3. BÖLÜM: "YENİ PLAN"

2.2K 123 338
                                    

Arayı fazla açmadan üçüncü bölümü de yazayım dedim. Okunmalar hiç artmıyor, olsundu. Olsundu be!

Oy ve yorumları unutmayalım keyifli okumalar.💚

3. Bölüm: "Yeni Plan"

Sayısız bildirim sesiyle istemeye istemeye gözümü araladığımda üzerime sıcaktan yapışmış pikeyi yatağın diğer ucuna atıp doğruldum. Ben bunları yaparken bildirimler yağmaya devam ediyordu.
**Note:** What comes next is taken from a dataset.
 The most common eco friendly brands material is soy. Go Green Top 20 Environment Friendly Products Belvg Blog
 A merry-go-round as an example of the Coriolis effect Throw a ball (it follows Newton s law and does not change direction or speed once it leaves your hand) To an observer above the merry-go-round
Gece telefonu nereye koyduğumu hatırlamadığım için ayağa kalkıp odayı talan etmeye başlamıştım ama hâlâ uykulu olan gözlerim işimi zorlaştırıyordu.
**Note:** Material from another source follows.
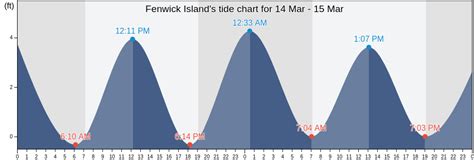 Fenwick Island Tide Chart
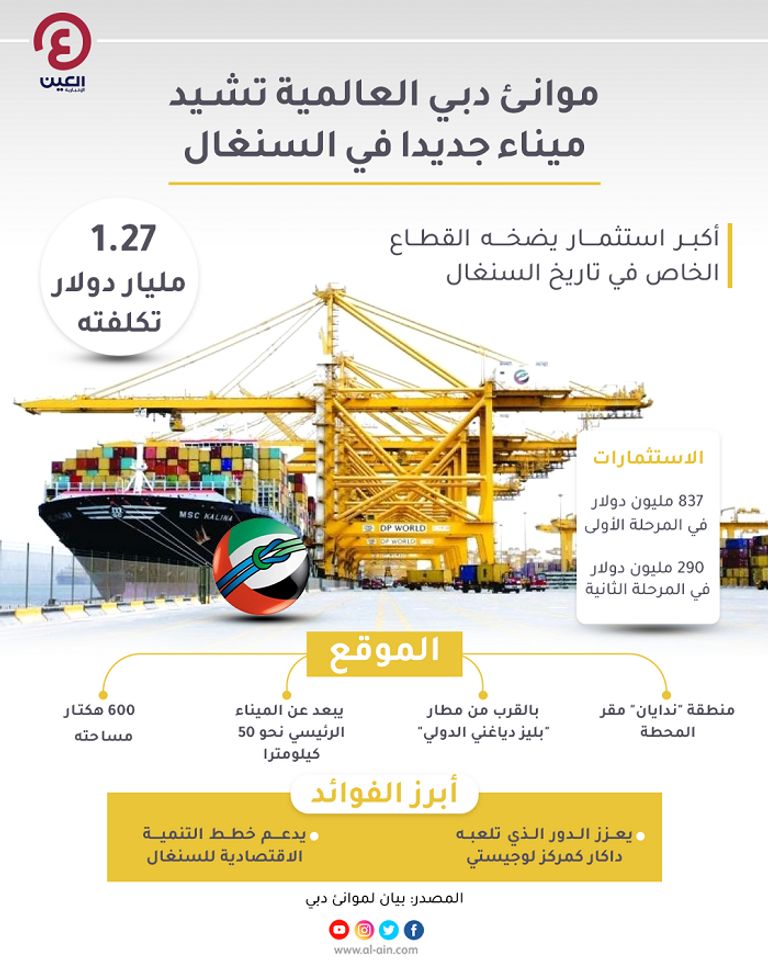 موانئ دبي تستثمر 1.127 مليار دولار لإنشاء ميناء في السنغال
"Sen buraya nasıl düştün ya?" diyerek mırıldandığımda yatağın yanına, yere düşmüş olan telefonumu alıp ekran parlaklığını yükselttim. Şimdi ekranı daha net görüyordum.
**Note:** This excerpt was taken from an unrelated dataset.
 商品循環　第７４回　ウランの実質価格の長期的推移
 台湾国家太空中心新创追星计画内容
Sayısız bildirim, sayısız aramalar şaşırılmayacağı üzere Gizemden gelmişti. Mesaj kutusuna tıkladığımda sohbetin en üst kısmına çıkıp yazdığı şeyleri okumaya başladım.

Gizo: Günaydın canım arkadaşım.
Gizo: Gerçi saat 11, böyle gün mü ayar?
*Gizo kişisinden 1 yeni fotoğraf*
Gizo: Kızım bu senin annen değil mi! E yanındaki de Yalın'ın annesi. Hatta, hatta burası sizin ev!
Gizo: Umarım sabah kahvemi icmediğim için yanlış görüyorumdur, yoksa büyük patladın!
Gizo: Oh sen hâlâ uyu tabi. Gizem dert etsin bunları... Gizem kim ki Gizem! Dış kapının dış mandalı.
Gizo: Ben kahve içmeye gidiyorum, sende bir soğuk su içersin!
Gizo: xd gül diyeee.
Gizo: Hadi sana kolay gelsin.

Gizem'in attığı tüm mesajları gözüm kısık, uykulu bir şekilde okuduğum sırada birden yerimden sıçradım. Resmen annemle annesi kahvaltı yapıyordu, hem de tam şuan bizim evde! Acaba o da gelmiş miydi? Bu sabah aç kaldın desene Dilan!

Hiçbir koşulda aç kalamam, sana da günaydın iç ses. Sabah şeriflerin hayırlı olsun. Ne güzel bir sabah ama değil mi! Harika.

Ben odamın kapısına odaklanmış, ne yapacağım diye düşünürken telefonumun çalması ile irkilip kimin aradığına baktım. Ekranda 'annem kişisi arıyor.' yazısını görmek benim için pek de iyi olmamıştı. El mecbur, yeşil tuşa tıklayıp telefonu kulağıma götürmüştüm.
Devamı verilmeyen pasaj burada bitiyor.